PROBLEM DETAILS:
Please write out exactly the lines from the one with "Borsa a secchiello" through the end of the data below, both ends included, and omit any pictures.

─── INFORMATION PROVIDED

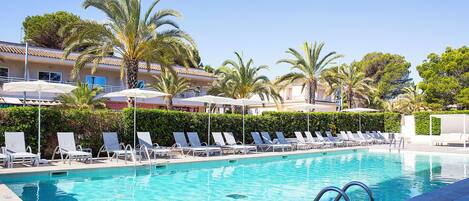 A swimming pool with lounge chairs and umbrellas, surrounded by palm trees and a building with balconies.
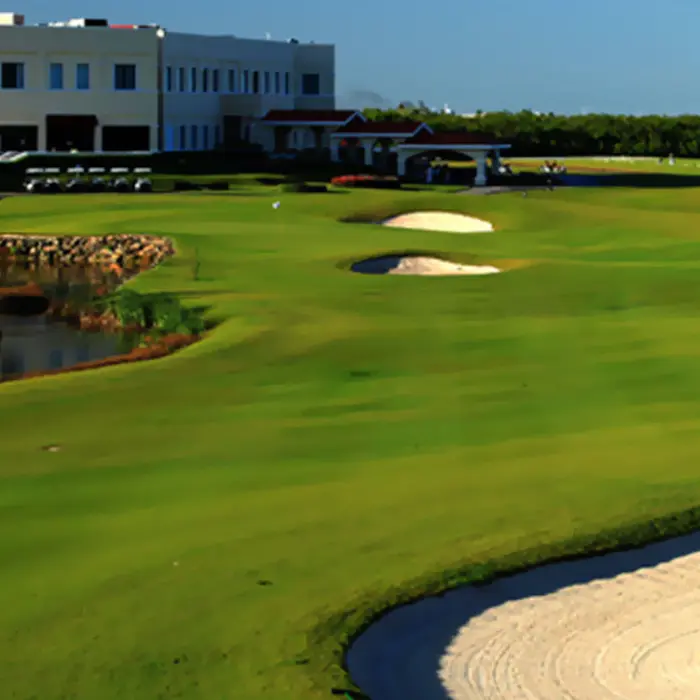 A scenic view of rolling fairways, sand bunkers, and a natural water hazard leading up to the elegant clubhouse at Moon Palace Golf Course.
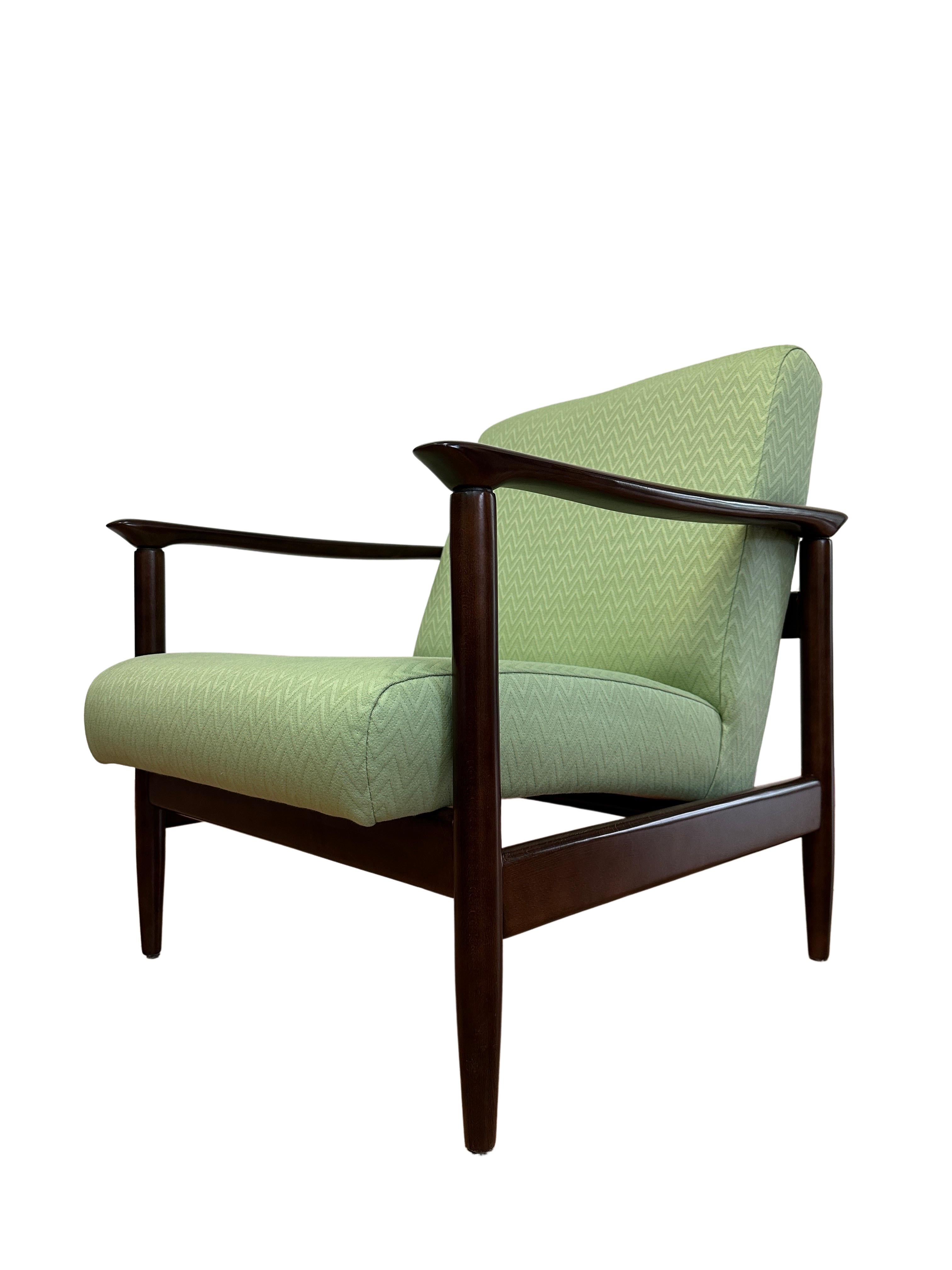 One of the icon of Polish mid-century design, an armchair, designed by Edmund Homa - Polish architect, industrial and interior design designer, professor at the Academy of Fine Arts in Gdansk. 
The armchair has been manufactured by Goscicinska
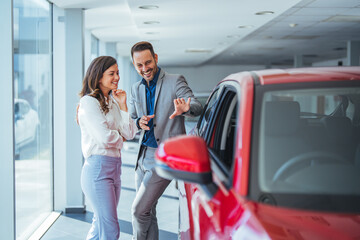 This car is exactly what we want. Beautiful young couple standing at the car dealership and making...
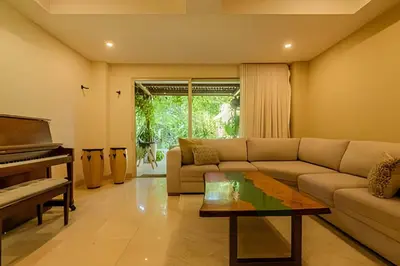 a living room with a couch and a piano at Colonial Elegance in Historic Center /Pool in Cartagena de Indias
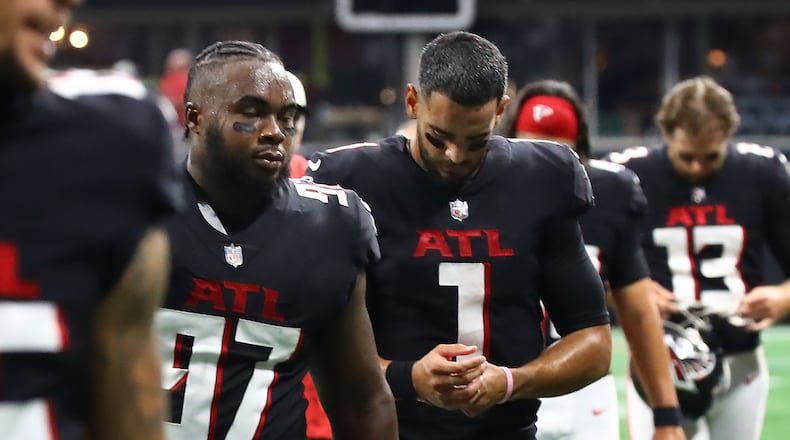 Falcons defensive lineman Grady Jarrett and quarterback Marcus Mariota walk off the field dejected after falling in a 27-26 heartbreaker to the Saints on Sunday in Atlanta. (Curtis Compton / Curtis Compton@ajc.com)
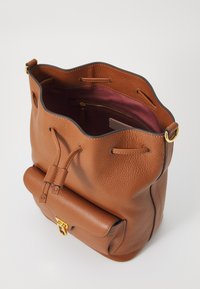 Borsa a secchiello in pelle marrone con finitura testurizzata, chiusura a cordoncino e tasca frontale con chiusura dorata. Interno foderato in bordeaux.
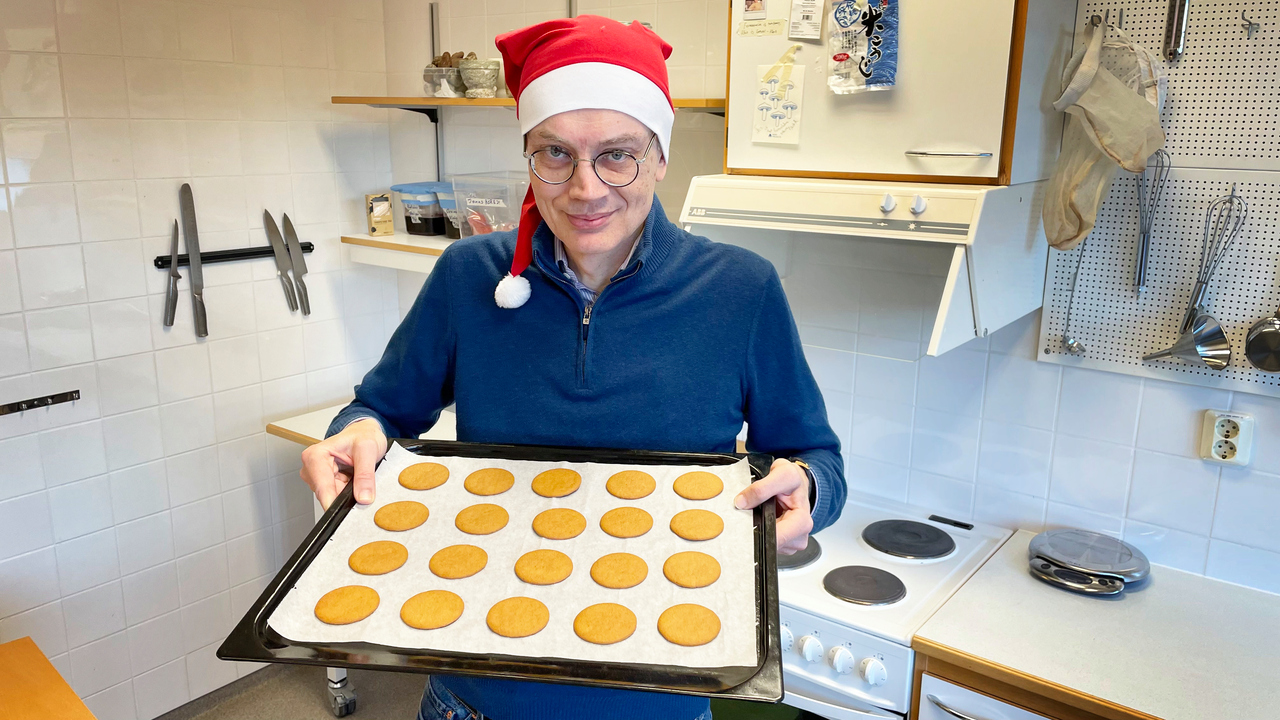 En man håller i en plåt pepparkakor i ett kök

──────

EXERCISE RESPONSE:
 Borsa a secchiello in pelle marrone con finitura testurizzata, chiusura a cordoncino e tasca frontale con chiusura dorata. Interno foderato in bordeaux.
 En man håller i en plåt pepparkakor i ett kök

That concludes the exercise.